No Rio, um grupo de caminhões reboque parou a Avenida Brasil. Às 7h30, ocupavam uma faixa de rolamento. Mais cedo, chegaram a bloquear totalmente o tráfego na via. Há protestos também em trechos BR 101.

O ministro da Fazenda, Eduardo Guardia, anunciou um acordo com os presidentes da Câmara, Rodrigo Maia, e do Senado, Eunício Oliveira, para eliminar o imposto sobre o diesel e a gasolina (Cide), e pediu aos caminhoneiros que suspendam a greve.

Mas a medida é considerada insuficiente pela Associação Brasileira dos Caminhoneiros (Abcam): "Até um posicionamento efetivo do governo, a entidade pede firmeza nos protestos em todas as regiões do país", declarou o presidente da entidade, José da Fonseca Lopes.

>> Guardia: governo eliminará Cide sobre diesel e Congresso aprovará reoneração

Há protestos em trechos da BR 101, na altura de Itaboraí, no Rio de Janeiro

Nesta terça-feira, os caminhoneiros bloquearam estradas na maioria dos estados brasileiros, aumentando a pressão sobre o governo e pondo à prova a nova política de preços da Petrobras.

Os protestos, a menos de cinco meses das eleições, obrigaram o aeroporto internacional de Brasília a "usar com mais cautela" o combustível dos aviões, pois os fornecedores ficaram retidos no entorno da capital nacional.

A greve teve maior incidência sobre estados do sul e sudeste. Nesta segunda-feira, 21 estados registraram bloqueios.
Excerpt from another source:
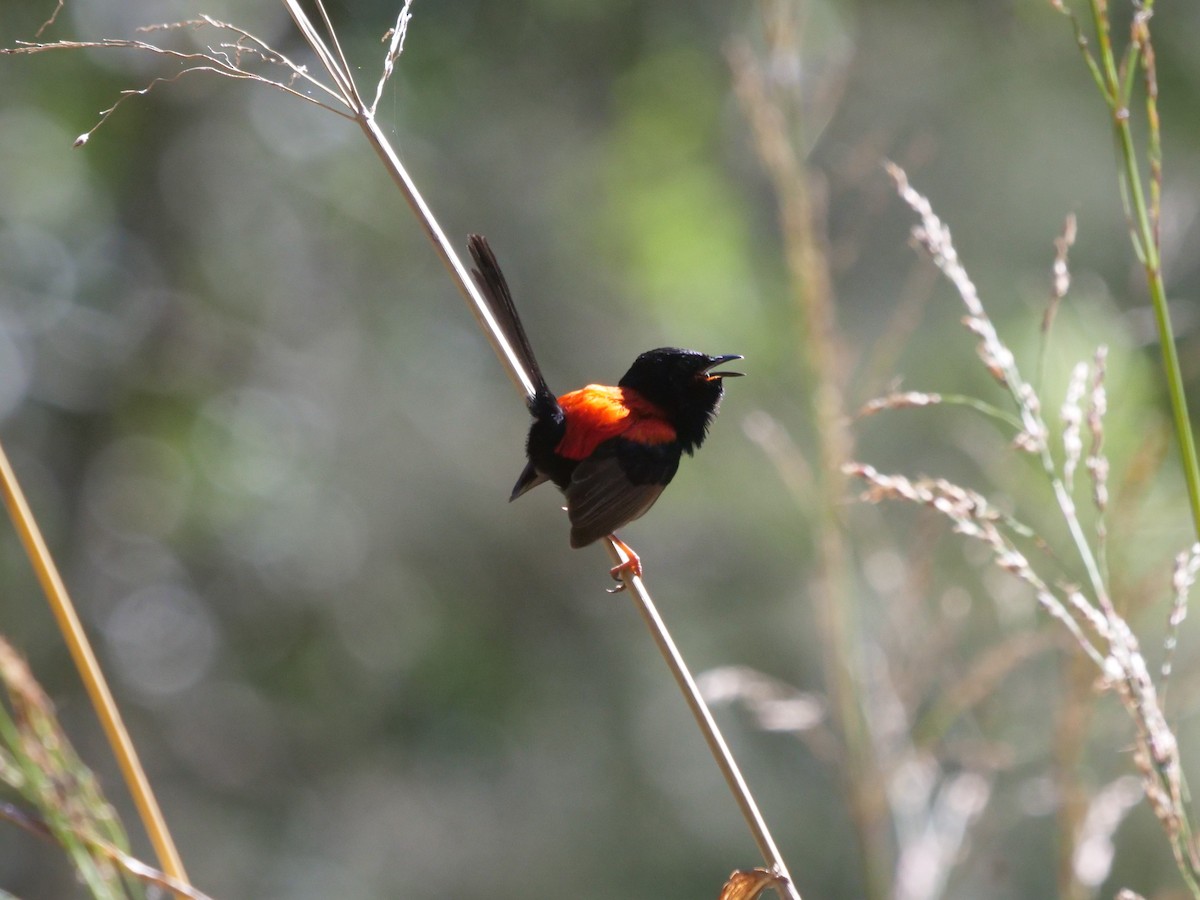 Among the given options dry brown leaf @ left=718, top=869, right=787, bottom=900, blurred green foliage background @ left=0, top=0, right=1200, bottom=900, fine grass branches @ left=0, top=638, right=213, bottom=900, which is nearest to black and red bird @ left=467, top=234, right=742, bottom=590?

Os caminhoneiros exigem uma redução dos preços do diesel. Desde o início de maio, o preço do diesel das refinarias (antes dos impostos) subiu 12% e o da gasolina 14%.

Mas a estatal se recusa a rever essa política, que considera fundamental para sua estratégia de recomposição financeira e de imagem - após ter se envolvido no maior escândalo de corrupção do Brasil.

"Na abertura da reunião, foi logo esclarecido que de maneira nenhuma o objetivo seria o governo pedir qualquer mudança na política de preços da Petrobras", disse o presidente da petroleira, Pedro Parente.

"Parece pouco provável que Temer reduza a nova autonomia política de preços da Petrobras, porque isso poderia provocar a saída do CEO Pedro Parente", afirmou a consultoria Eurasia Group em nota de análise. "Uma compensação mediante corte de impostos parece mais provável, embora devam ser modestos, diante da oposição do Ministério da Fazenda", completa.